### What the exercise asks
Identify every line in the records below that contains the word "image", and reproduce each one.

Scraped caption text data
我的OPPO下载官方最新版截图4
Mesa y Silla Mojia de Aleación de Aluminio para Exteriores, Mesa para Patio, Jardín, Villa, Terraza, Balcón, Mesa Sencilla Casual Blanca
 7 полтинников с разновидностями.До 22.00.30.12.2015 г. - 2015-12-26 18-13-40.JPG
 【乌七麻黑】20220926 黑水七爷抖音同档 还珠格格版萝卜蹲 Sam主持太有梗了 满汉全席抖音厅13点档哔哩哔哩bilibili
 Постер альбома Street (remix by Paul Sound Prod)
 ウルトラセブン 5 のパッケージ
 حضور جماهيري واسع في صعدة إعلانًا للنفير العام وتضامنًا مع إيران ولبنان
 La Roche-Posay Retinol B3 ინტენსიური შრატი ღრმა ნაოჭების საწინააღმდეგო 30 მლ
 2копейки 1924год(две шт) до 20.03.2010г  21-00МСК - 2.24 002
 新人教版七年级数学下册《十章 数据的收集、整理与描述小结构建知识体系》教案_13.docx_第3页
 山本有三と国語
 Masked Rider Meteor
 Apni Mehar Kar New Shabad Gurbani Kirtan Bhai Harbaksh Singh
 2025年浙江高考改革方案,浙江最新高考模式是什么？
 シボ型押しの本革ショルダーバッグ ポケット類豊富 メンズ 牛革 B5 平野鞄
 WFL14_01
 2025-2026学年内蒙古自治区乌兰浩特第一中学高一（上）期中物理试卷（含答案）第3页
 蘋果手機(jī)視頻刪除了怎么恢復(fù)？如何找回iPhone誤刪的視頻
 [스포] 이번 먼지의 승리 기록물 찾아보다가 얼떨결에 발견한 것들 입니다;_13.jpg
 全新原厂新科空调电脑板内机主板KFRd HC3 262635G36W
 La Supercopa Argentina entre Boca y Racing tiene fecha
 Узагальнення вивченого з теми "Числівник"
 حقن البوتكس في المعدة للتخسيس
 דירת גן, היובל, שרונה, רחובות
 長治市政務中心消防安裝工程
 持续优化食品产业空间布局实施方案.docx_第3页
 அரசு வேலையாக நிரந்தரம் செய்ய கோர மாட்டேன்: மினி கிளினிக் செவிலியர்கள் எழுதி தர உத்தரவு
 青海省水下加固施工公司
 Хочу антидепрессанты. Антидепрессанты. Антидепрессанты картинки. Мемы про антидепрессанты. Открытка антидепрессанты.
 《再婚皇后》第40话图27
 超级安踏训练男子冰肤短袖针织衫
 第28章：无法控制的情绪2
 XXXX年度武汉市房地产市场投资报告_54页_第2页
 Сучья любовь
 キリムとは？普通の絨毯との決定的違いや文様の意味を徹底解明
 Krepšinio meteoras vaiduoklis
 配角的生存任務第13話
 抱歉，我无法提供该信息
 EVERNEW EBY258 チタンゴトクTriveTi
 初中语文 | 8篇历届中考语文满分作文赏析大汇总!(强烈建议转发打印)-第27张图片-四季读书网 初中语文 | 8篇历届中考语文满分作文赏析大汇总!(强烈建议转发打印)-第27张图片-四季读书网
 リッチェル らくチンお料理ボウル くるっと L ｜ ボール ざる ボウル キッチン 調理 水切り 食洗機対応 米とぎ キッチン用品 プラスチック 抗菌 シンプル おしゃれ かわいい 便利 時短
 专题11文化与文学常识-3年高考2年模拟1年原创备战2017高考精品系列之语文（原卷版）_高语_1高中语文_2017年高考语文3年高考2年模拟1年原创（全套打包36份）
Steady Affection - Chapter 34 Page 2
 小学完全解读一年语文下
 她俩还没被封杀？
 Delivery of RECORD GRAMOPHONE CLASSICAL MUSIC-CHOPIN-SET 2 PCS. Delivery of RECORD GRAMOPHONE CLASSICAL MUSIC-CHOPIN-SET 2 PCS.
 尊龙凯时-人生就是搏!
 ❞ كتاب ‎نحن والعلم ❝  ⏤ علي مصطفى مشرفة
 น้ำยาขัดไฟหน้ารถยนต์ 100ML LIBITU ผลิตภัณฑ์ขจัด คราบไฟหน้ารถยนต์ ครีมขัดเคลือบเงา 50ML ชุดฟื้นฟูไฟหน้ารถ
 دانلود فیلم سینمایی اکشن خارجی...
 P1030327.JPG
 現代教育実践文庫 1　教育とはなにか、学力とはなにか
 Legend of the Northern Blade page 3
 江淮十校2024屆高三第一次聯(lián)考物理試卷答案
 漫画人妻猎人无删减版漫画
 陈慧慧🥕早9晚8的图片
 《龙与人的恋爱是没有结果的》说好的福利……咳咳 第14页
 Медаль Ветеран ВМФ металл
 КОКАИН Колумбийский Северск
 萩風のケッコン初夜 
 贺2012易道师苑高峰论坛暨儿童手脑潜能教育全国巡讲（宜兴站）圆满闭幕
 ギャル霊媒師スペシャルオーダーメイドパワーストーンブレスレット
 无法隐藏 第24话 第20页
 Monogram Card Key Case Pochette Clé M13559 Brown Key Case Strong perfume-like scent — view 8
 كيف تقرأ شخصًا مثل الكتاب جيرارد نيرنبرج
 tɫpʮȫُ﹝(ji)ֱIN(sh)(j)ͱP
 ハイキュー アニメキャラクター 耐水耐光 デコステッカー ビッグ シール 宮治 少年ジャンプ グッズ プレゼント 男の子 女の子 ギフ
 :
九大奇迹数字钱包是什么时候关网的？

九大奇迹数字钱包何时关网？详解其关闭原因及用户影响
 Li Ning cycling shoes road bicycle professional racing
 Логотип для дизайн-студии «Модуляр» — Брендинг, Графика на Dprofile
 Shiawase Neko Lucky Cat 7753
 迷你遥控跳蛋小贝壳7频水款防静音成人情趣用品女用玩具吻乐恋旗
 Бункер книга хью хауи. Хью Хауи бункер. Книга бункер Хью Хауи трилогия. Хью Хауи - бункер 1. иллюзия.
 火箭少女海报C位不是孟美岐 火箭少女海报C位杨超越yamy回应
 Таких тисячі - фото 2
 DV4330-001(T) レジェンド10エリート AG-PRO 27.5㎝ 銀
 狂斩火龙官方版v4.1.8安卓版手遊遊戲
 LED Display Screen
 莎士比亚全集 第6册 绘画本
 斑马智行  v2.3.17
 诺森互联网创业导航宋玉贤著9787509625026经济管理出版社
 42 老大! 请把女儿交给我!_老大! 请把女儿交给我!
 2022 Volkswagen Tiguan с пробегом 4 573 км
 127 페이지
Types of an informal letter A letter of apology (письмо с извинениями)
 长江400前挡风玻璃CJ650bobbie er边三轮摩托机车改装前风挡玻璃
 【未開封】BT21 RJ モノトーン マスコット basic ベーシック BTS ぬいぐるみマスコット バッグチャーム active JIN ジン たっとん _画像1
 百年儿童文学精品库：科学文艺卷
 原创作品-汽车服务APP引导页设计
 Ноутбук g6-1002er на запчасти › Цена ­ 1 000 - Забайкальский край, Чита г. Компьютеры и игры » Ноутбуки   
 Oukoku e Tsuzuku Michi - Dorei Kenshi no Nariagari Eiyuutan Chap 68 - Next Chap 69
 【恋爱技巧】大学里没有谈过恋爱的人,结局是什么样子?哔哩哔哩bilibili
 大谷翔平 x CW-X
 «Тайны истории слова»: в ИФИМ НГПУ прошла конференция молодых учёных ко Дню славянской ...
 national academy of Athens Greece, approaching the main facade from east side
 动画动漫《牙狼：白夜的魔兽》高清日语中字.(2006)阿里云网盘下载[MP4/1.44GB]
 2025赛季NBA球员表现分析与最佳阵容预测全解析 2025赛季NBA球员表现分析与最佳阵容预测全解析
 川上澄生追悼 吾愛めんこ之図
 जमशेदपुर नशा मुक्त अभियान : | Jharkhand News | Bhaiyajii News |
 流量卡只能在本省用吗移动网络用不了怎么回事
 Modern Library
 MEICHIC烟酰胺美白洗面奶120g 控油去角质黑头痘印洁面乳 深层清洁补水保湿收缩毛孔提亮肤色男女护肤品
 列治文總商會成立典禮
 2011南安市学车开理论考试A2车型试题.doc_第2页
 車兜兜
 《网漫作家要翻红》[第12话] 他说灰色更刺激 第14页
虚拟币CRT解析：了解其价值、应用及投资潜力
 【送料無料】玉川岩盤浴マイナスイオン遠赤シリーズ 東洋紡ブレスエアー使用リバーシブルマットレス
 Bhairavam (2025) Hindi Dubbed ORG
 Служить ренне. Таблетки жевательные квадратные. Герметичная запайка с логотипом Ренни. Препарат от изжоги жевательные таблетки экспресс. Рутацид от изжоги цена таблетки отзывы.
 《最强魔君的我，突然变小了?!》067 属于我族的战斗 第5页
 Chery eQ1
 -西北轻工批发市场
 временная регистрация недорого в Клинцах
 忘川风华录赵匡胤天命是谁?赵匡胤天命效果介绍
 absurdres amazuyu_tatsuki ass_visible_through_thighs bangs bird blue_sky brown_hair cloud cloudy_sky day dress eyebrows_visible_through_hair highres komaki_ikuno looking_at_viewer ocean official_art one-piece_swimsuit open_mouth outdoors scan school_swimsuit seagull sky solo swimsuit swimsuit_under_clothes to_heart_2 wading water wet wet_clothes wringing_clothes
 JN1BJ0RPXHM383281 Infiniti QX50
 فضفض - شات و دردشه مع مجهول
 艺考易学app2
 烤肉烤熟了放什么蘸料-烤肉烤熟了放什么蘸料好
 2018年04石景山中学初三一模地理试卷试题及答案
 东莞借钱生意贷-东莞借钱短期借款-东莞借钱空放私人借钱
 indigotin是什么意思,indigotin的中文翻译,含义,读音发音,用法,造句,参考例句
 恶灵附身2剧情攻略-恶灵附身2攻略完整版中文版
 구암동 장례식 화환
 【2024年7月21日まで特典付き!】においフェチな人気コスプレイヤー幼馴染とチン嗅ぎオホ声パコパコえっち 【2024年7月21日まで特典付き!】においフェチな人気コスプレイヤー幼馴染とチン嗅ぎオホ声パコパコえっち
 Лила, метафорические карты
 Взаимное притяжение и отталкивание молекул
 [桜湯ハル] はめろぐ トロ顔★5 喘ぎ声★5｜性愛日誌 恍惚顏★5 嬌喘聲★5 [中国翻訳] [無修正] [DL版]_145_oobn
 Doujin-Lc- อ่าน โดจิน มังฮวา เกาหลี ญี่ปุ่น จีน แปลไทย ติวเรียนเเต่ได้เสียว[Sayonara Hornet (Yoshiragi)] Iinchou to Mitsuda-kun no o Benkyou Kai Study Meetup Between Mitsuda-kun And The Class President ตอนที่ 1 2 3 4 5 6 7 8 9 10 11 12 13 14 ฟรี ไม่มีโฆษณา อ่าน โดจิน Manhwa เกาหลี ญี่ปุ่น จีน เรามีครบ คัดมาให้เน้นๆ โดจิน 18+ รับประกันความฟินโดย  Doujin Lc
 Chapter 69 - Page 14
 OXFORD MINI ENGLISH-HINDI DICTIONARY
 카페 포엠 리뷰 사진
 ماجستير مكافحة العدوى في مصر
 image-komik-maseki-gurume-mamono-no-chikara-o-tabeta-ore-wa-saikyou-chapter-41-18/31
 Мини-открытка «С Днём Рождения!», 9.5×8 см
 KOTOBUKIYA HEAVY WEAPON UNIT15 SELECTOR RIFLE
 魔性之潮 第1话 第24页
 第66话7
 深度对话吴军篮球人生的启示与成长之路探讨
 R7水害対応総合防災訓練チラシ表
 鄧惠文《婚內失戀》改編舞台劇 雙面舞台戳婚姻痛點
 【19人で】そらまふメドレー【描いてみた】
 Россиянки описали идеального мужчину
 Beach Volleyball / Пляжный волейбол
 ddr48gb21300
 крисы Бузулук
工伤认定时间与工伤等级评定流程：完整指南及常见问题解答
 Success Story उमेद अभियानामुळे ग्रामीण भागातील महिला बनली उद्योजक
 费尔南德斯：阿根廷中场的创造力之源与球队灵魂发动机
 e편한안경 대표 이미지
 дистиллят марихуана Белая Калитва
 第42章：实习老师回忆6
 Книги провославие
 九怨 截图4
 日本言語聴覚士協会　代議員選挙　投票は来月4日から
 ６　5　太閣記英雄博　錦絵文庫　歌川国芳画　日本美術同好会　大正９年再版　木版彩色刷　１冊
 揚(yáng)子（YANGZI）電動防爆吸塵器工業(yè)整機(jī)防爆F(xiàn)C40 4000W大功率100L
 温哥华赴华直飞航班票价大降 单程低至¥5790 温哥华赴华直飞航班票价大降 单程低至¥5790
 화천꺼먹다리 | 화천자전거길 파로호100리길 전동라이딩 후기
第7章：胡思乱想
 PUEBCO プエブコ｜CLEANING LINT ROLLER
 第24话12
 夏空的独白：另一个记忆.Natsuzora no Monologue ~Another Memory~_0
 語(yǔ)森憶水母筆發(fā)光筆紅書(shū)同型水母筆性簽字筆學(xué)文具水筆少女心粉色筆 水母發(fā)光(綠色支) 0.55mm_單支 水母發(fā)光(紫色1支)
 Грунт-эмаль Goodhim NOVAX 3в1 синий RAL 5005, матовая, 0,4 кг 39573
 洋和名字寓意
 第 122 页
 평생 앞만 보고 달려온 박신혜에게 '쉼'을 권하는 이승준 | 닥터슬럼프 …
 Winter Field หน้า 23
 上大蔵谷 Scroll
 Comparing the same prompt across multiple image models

### Written response
 image-komik-maseki-gurume-mamono-no-chikara-o-tabeta-ore-wa-saikyou-chapter-41-18/31
 Comparing the same prompt across multiple image models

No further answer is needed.